As I’ve written before*, I really want students to understand the difference between random sampling and random assignment.  In particular, I’d like students to understand the different kinds of conclusions that follow from these different uses of randomness.  Random sampling allows for findings about the sample to be generalized to the population, and random assignment opens the door to drawing cause-and-effect conclusions.  Confounding variables in observational studies provide an alternative to cause-and-effect explanations.  I hope that students learn these ideas well enough that they think of them as they read about statistical studies in their everyday lives.  Of course, I know that they will not refer to their notes from my class as they go about their everyday lives.

* See posts #19 and #20, Lincoln and Mandela, here and here.

  1. How to calculate an average

I always tell my students that they do not need to memorize formulas.  But I can expect them to know that calculating an average involves adding the values and dividing by the number of values, right?  I’d also like students to know that the median is the ordered value in position (n+1)/2, but that looks like a formula, so I’ll leave that off this list.

  1. The idea that standard deviation is a measure of variability

I do not expect my students to know the formula for calculating standard deviation, and I rarely ask them to calculate a standard deviation by hand.  But I do want them to know, without referring to their notes, that a larger standard deviation indicates more variability.

  1. How to calculate proportions (marginal, conditional, joint) from a two-way table of counts

My students have performed these calculations when analyzing categorical data and also for calculating conditional probabilities.  I hope that they feel confident with such calculations without using their notes.

  1. The idea that a difference between two percentages is not a percentage difference.

I don’t care if students need to look up how to calculate a percentage difference, but I do want them to know that that a difference in percentage points is not the same as a percent difference.  I don’t mean that I want to them to be able to state that fact, but I want them to recognize it when they encounter it.  For example, I’d like student to realize that increasing your success rate from 10% to 15% is not a 5% improvement in the success rate*.

* I wrote an entire essay about this in post #28, A pervasive pet peeve, here.

  1. How to interpret a z-score
  2. How to calculate a z-score

Perhaps I am violating my policy about not requiring students to learn formulas here.  But notice that I listed the interpretation first.  I want students to know, without looking it up, that a z-score reveals how many standard deviations a value is from the mean*.  This interpretation tells you how to calculate the z-score: [(value – mean) / standard deviation].  Granted, I suspect that most students learn the formula rather than think it through from the interpretation, but I think this one is important enough to know without referring to notes, because the idea is so useful and comes up so often.

* See post #8, End of the alphabet, here, for more about z-scores.

  1. That probabilities cannot be less than zero or greater than one.
  2. That the probability of an event is one minus the probability of its complement

These two do not require looking anything up, right?  If I ask what’s wrong with the statements that Pr(E) = -0.6 or Pr(E) = 1.7, I sure hope that a student does not need to refer to any rules to answer the question.  Similarly, if I say that the probability of rain tomorrow is 0.2 and then ask for the probability that it does not rain tomorrow, I’m counting on students to answer without using their notes.
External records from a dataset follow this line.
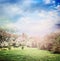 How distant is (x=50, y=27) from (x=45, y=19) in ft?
0.34

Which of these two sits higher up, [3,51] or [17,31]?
[17,31]

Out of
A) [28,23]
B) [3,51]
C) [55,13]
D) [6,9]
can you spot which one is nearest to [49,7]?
[55,13]

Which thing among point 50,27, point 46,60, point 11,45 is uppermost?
point 50,27

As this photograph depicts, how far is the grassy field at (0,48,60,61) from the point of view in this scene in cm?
271

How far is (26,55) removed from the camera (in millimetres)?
2734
  1. How to interpret an expected value

This is the one of the first items that came to mind when I decided to create this list.  If I had been given a dime for every time I’ve reminded a student that expected value means long-run average, then I would have accrued a very large average number of dimes per year over my long teaching career.
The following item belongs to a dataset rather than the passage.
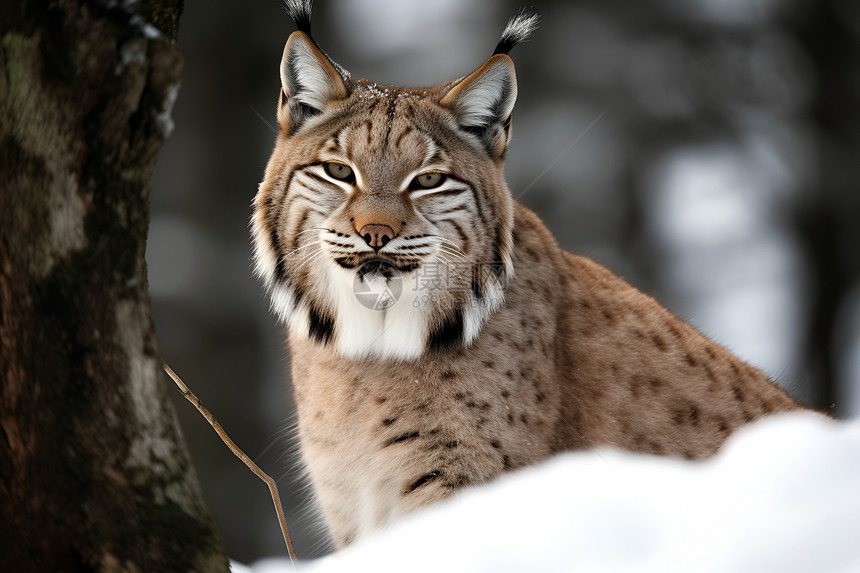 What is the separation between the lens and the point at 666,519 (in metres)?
2.47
  1. The term mutually exclusive
  2. The term independent events

The meaning of these terms in probability closely mirrors their mean in everyday use, so I hope students can answer questions about these terms without consulting their notes.  I am tempted to include the addition rule for mutually exclusive events and the multiplication rule for independent events on this list, but I’ll resist that temptation.
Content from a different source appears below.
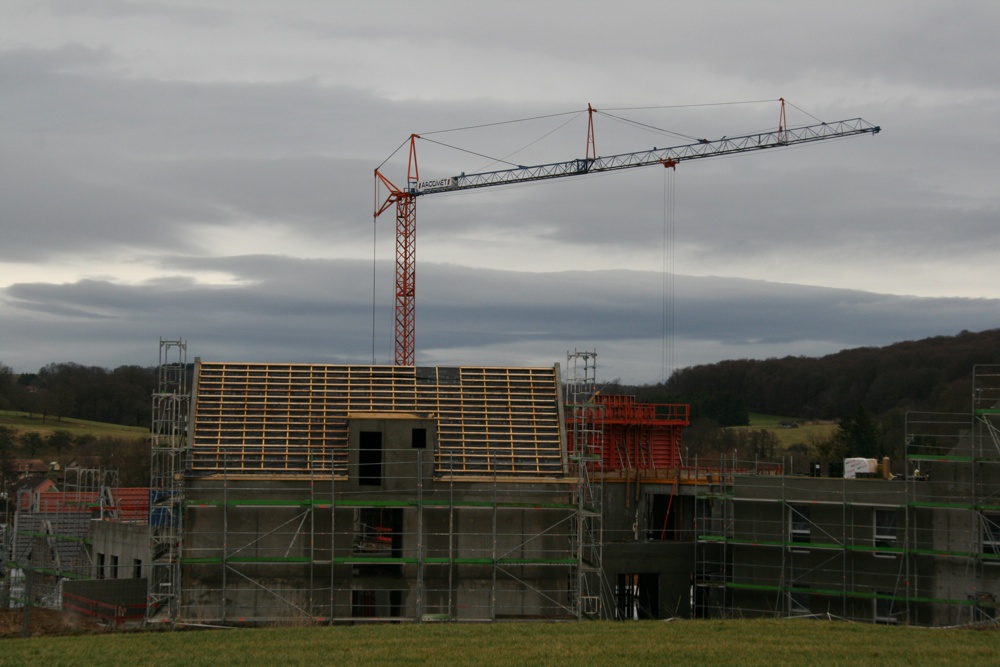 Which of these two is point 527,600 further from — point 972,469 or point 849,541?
point 972,469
  1. The idea that about 95% of the data from a normal distribution fall within two standard deviations of the mean

I’m not asking that students know the 68% and 99.7% aspects of the empirical rule by heart, only the part about 95% falling within two standard deviations of the mean*.  Several times in the past few weeks I have said something like: The value of the test statistic is 3.21 (or perhaps 1.21).  Is that very far out in the tail of a normal curve? How do you know?  At a minimum I’d like students to realize that a z-score of greater than 2 (in absolute value) is far enough in the tail to be worth noting.

* I am tempted to include knowing, without looking it up, that the more precise multiplier is 1.96, but I won’t go that far.  I do reserve the right to say things like “you know what the value 1.96 means in our course, right?” to my students.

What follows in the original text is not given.